In dem Bericht, über den das Parlament am Mittwoch abstimmt, heißt es, bei „einigen Mitgliedstaaten“ bestehe die Tendenz, sachdienliche Informationen „nicht in der gewünschten Menge und Qualität bereitzustellen“. Offensichtlich seien diese Staaten nicht wirklich bemüht, gegen Steuervermeidung und Steuerhinterziehung vorzugehen. Maßnahmen auf dem Gebiet der Steuerpolitik würden „oft von einzelnen Mitgliedstaaten blockiert, um Steueroasen zu schützen“.
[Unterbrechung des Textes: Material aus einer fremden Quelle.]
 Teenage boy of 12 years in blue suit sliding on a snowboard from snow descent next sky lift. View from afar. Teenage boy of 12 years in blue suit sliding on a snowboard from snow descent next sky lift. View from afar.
An anderer Stelle des Berichtes heißt es, dass in Großbritannien die meisten der in den Panama-Papieren enthüllten Firmen gegründet worden seien, mit denen Steuern vermieden werden sollten. Auf den folgenden Plätzen lägen Luxemburg und Zypern sowie Lettland, Irland, Spanien, Estland und Malta. Die „Panama Papers“ ermöglichten den bisher größten Einblick in die Praxis der Steuervermeidung durch die Gründung von Unternehmen in Staaten ohne oder mit nur sehr geringer Besteuerung.
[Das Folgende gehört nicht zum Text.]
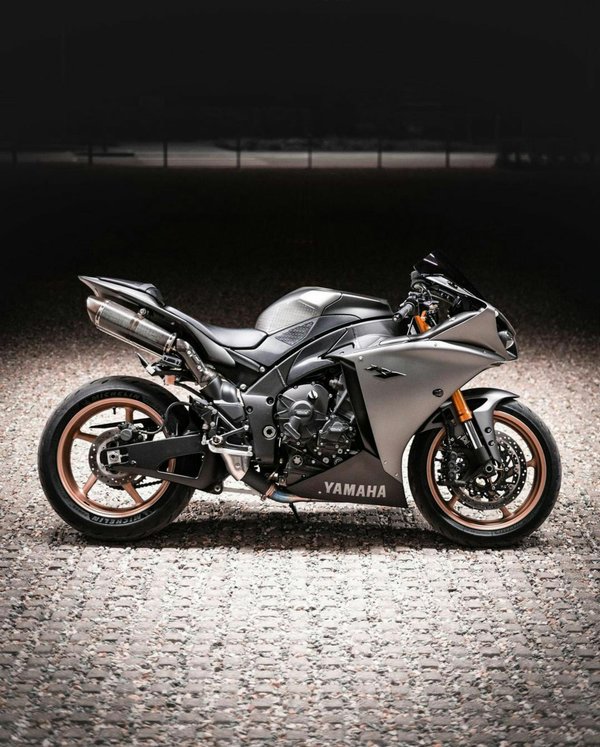 How do I adjust the carburetor on a Yamaha XS400 for high altitude operation?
Finanzkommissar differenziert
Der für Finanzen zuständige EU-Kommissar Pierre Moscovici sagte, man dürfe die Lage in einzelnen EU-Staaten nicht mit jener in Steueroasen gleichsetzen. Falls es beispielsweise Probleme in den Niederlanden oder Malta gebe, müsse man „da eben auch schnell handeln und auch streng sein“: „Aber man darf das nicht vergleichen mit Praktiken, die systemische Wurzeln haben.“ Jezek sagte: „Ich würde nicht so weit gehen und Malta, Luxemburg, Irland und die Niederlande als Steueroasen bezeichnen - aber manche Mitgliedstaaten sind nicht sehr hilfreich, wenn es um Bekämpfung der Steuervermeidung geht.“ Damit wies er Forderungen, die Niederlande, Irland, Malta und Luxemburg auf die Liste der Steueroasen zu setzen, so wie es der Chef des Untersuchungsausschusses, Werner Langen gefordert hatte, zurück.
Moscovici sagte, auch dank der Veröffentlichung der „Panama Papers“ habe es nach „einer Kultur des Schweigens, der Geheimnistuerei“ nun „einen kompletten Paradigmenwandel“ in der EU gegeben.